Nella sezione “Orizzonti” è iraniano un film che ruota sulla desolazione del sole, del suolo, sulle suole impolverate che scorrono fuori campo. Le inquadrature precedono gli oggetti, posizionandosi prima, scivolando nelle carrellate laterali, nelle incrinature delle pareti, nudità dei mattoni: che sono d’acqua, che gocciolano dalle mani brune, callose, e cadono sulla terra scura, sulle scarpe, s’asciugano, senza traccia, senza nome; mattoni rossi come il mezzogiorno, come il sangue da versare, che s’è versato, ancora, da generazioni.


L’immagine si definisce lentamente, seguendo di spalle, di lato la macchina da presa i profili di cose e di uomini; e polvere, ovunque, come un sibilo, scricchiolio di passi.
Muti, volti piegati di tre quarti, se ne intravede il dramma dalle nuche di tenebra: che non domandano, che aspettano. Si compiono destini negli occhi. Tra i baffi si insinua il sole.
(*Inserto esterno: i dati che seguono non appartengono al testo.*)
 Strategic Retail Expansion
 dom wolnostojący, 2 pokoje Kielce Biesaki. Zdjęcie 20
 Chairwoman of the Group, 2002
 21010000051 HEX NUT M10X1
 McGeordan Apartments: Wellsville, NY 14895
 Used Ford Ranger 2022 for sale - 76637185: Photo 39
Magliette, a righe, a tentare un movimento che non viene, che s’arresta sulle tende, pure a righe; bestie da soma, che trascinano carretti e sollevano pietre.
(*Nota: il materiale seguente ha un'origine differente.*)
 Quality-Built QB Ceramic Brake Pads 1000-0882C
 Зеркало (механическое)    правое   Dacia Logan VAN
L’occhio di Bashiri è in ritardo sulla disperazione cupa, muta, quasi assente dalla scena, segue senza fretta la scia degli scossoni disperati, dei pugni furenti; si ferma, svelando la meraviglia di un arco lasciato aperto, soglia da cui entra la luce, dalla quale si vede penetrare il vento, riempire il vuoto, averne compassione.
Sebbene il deserto resti, delle schiene piegate, bruciate, dei fazzoletti sulla testa delle donne, dell’infanzia imparentata col sudore. Anche quando non c’è più, quasi, nessuno, mattoni ancora, pietre, elementi su elementi: acqua, terra, fuoco. Ma l’aria manca. Manca quando di più si sente, sotto il nero della dissolvenza, che si respira la violenza del buio, innestato sui titoli di coda.
Un’idea di cinema diveniente sulle azioni, che fisicamente si ferma un poco prima, che lascia un cono d’ombra, uno spazio per dire dove “non sono ancora” le cose.